From what I know the number of fluent spanish speakers here is limited so those who can ( and would wish to ) read the spanish press in detail would be limited but in any case the press is largely untrustworthy and the situation varies greatly between regions.

In my case in Cadiz and Malaga we are being flooded with rental and sales opportunities with everything stated as negotiable (even after big reductions). Seems no where near bottom yet. In Asturias (coastal) where we are owners (and still potential buyers) the market is more restricted. Prices went down through the crisis and our flat is at about 50% of pre-crisis. But now prices seem stable and supply of casas somewhat restricted. But we have seen properties that have been for sale for over 3 years.

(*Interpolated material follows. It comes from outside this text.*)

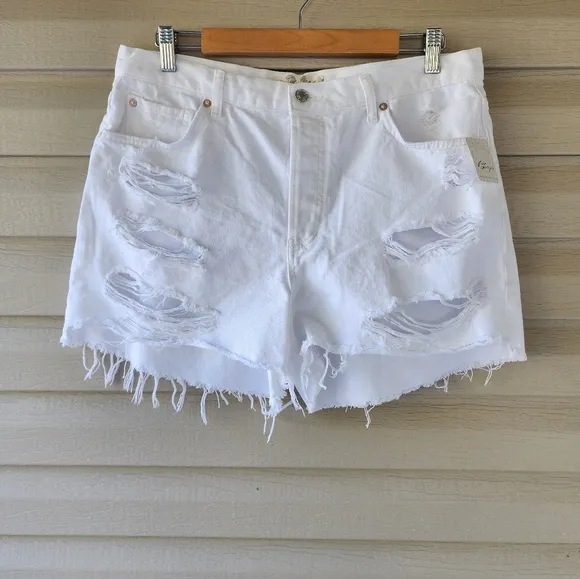 Free People we the free white distressed shorts size 31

And around Madrid where my spanish family exist  there still seems to them to be very much a buyer's market.

For us the most important thing, often offered by the wise old timers (as in long time on the forum ) here is that one must not assume a property is legal, that the builder used quality materials, that the builder gave a sh1t about his workmanship, and that finding out if you're buying a pig in a poke is a time consuming and potentially expensive process - but well worth doing. So if there are 1.5 million properties I could imagine only about half are what many might call habitable. Which still is a big reservoir to clear.

As for National laws


----------



## dancebert (Jun 4, 2015)

alborino said:


> From what I know the number of fluent spanish speakers here is limited so those who can ( and would wish to ) read the spanish press in detail would be limited but in any case the press is largely untrustworthy and the situation varies greatly between regions.


Thanks. I had no idea about the accuracy of the Spanish press. Also I can see (D'oh!) in the future I'd better be clear on the difference between Spanish, referring to the language, and Spanish, referring to Spain.


----------